Kendall County Commissioners heard a list of short, intermediate and long-term options for improving travel safety along FM 46 during a special meeting last week.
Representatives from the Texas Department of Transportation Wednesday reviewed statistics and told commissioners of several plans available aimed at making FM 46 West from Boerne to Bandera a safer highway.
Commissioner Christina Bergmann said she began receiving calls after a recent head-on collision on 46 killed three Pipe Creek family members.
Clayton Ripps, TxDOT deputy district engineer for the San Antonio region, described improvement options — including a third-lane for turning or passing — and more immediate short-term solutions, such as speed monitoring, and more presence of officers and patrols.
Vehicle speed and pavement limitations have to be overcome for more strident efforts to take place.
“Speeding is the no. 1 driving force behind these fatalities,” he said. Impairment and distraction are contributors as well, many combined with speed issues to create hazardous driving.
Between 2019-2024, TxDOT reported 337 total crashes on FM 46, six of those involving fatalities.
“For a state highway with similar traffic volumes, that’s twice the national average. That puts it in perspective with similar roads across the country,” he said.
Commissioner Andre Wisian pointed out the fatality is the number of crashes where people died and not the number of fatalities recorded from those collisions.

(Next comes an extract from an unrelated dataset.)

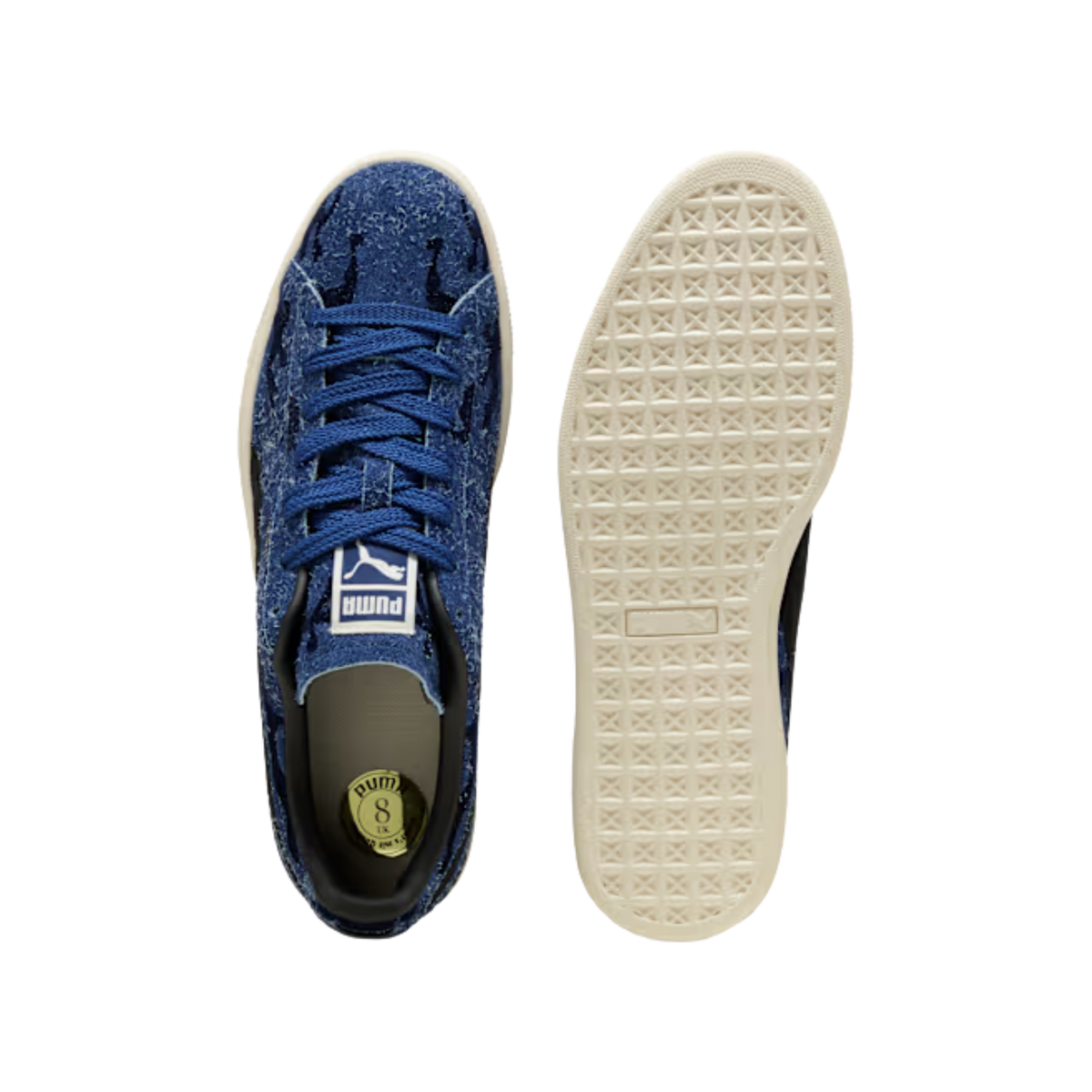 Puma Men Suede Flock Sneakers - Blue Jewel Club Navy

“The right-of-way, fenceline to fenceline, generally we have 80 feet at one of the narrowest sections of FM 46. With state highways, you typically have in the realm of 120 feet, minimal,” Ripps said.
He said one of the long-term solutions, a four-lane divided highway, would require about 300 feet of right-of-way and need 134 acres of land acquisition along the route just for the roadway, not including utilities, drainage, etc.
“Your county roadway width is 72 feet for a collector. So basically, 46 is the width of a county road, yet it’s functioning at a much higher classification than that,” he said.
Ripps reviewed traffic count projections for the year 2050, after several major developments in the area will be completed.
“Over by FM 16, we’re looking at it more than doubling, to 20,000 cars per day. Over by I-10, that swells to 25,000 cars per day.” he said. “At that point, a two-lane road is not sustainable for that traffic demand.”
One of the more acceptable plans in the 5-to-10-year planning period is a third “center turn” lane between the two lanes of traffic.
The lane could be a center turn lane, or become an alternating passing lane, similar to stretches of FM 46 between Spring Branch and Boerne. This third center-passing lane allows for two lanes of traffic in each direction, at alternating intervals.
“Basically, you widen the whole corridor to three lanes, it’s just a matter of restriping, turn lanes versus passing lanes,” he added.
TxDOT, he said, is trying to accomplish this without acquiring right-of-way, a time-consuming and costly method of traffic control.
“This is tough to fit in because of the terrain, without building retaining walls and utilities. This may be strategically implemented, or it may not be possible at all,” he said. “This is one of the hardest things we’re really struggling through right now.”
The long-term solution — longterm being a fix 10 or more years in the making — involved a fourlane divided highway that would include right-of-way acquisition of 134 acres of land to complete.
Engineering-wise, to overcome and flatten out the steep terrain, almost a mile of bridges would have to be built. “Over an 11-mile stretch, 10% of the road would have to be bridges,” he said.
Commissioners opened a public hearing and recorded some options to address the short-term fixes, including rumble strips, increased signage and billboards that relay the dangers ahead.